Children’s books and ideas for use

Do you want to know about books dedicated to children? Are you curious about how to use these books in the classroom? In this blog, a group of university students preparing to become teachers at the preschool and elementary levels will share with readers texts and ideas for their use.

Humberto the Centipede

This book is about Humberto, the centipede, who is always late everywhere. Humberto’s friends start to get annoyed because he always does the same thing and start to get fed up with waiting. The book explains to us that Humberto is very busy, but that is not the reason why he always arrives late to appointments, this is due to a simply justified reason. One day his friends decide to confront him on the subject and Humberto confesses that it is because it takes him a long time to put on his shoes because of his many legs. His friends, when they understand why he is unpunctual, decide to help Humberto with his problem. This shows us that many problems can be solved through dialogue.


1. Tying cords

Using tissue paper boxes or any box with an opening at the top, holes are drilled parallel to the opening simulating a shoe. This tool can also be a cardboard panel with the silhouette of a shoe drawn and the holes drilled so that children, using a shoelace, can learn step by step how to tie their shoelaces.


2. Gifts for Humberto

If the box has been created simulating a shoe, each child will express his or her creativity by personalizing it, either by painting it, signing it, placing stickers, etc.
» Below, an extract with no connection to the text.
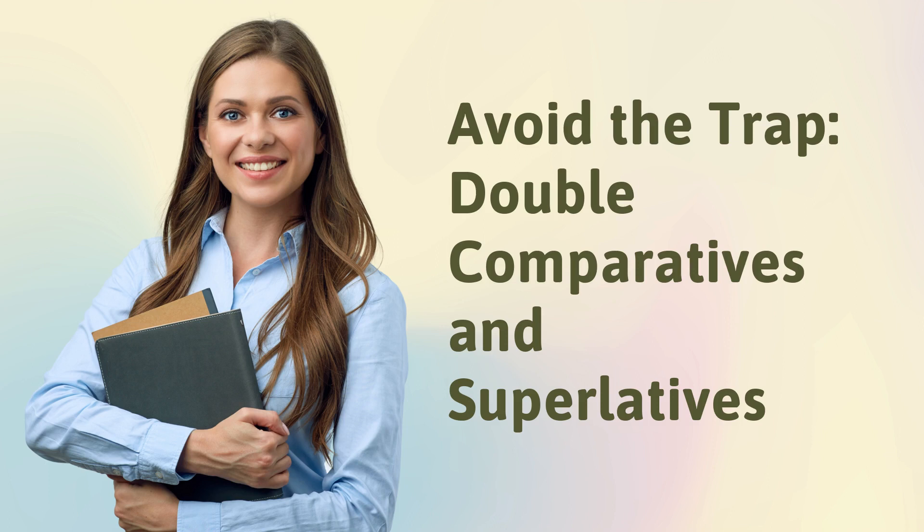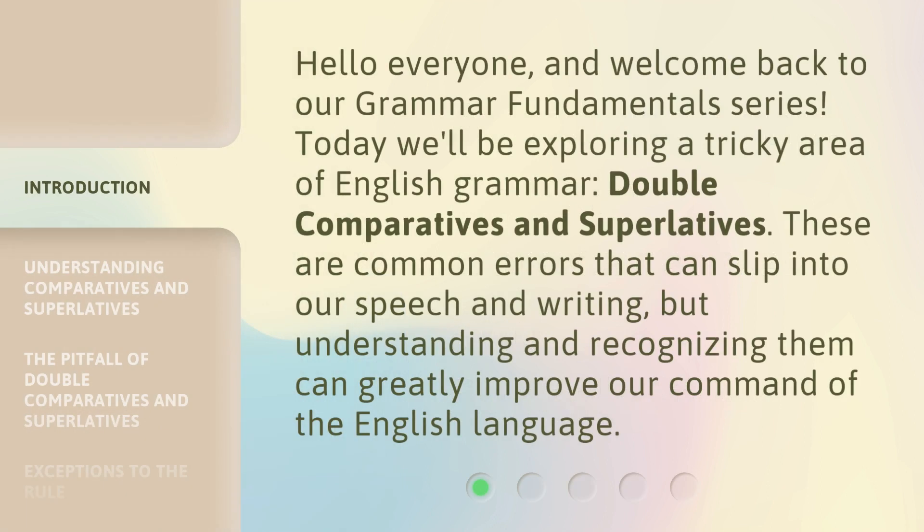Avoid the Trap: Double Comparatives and Superlatives. Hello everyone, and welcome back to our Grammar Fundamentals series. Today we'll be exploring a tricky area of English grammar — Double Comparatives and Superlatives. These are common errors that can slip into our speech and writing, but understanding and recognizing them can greatly improve our command of the English language.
To give it to Humberto because he needs many shoes.

3. Train Humberto

The teacher will place all students in a row with their shoelaces untied simulating a centipede and all together at the rhythm of an environmental song students will work as a team to see how long it takes them to tie everyone’s shoelaces in the row. This activity can be competitive by dividing students into two rows as non-competitive against the clock.

To the boarding

The illustrated album is about a captain who doesn’t know what sea he’s sailing in. The story tells that the peculiar sea in which the captain is sailing has strange creatures like yellow ducks, divers chasing crocodiles and bears making soap bubbles chasing divers. The captain observes things like ship wars, a ship called soap and a huge whale. During the story a bathtub and a child playing in it are shown in the illustrations, but he says that the captain doesn’t know what sea that is. At the end of the story the tide begins to fall gradually until the sea disappears and the captain never manages to decipher which sea it was in.


1. Drawing

Place crayons on tables or ask children to bring crayons and tell them to sit down. Give them a white piece of paper and proceed to explain that each child is going to draw a strange creature who thinks the captain might find himself sailing that sea. After this, have an oral discussion about which sea the captain was sailing in and give the children a chance to explain their drawings.

2. Obstacle Race

Prepare in some wide space an obstacle course. Each obstacle should be based on some of the events that occur in the book, some examples are: crocodiles, divers, bears that make soap bubbles, ducks, boat warfare, whale and the race with soap. At the end of the race there has to be a pistero that simulates that they are turning off the water and emptying the bathtub. You can create it at your discretion or you can let it go by the following instructions:

Prepare a line for the children to wait their turn.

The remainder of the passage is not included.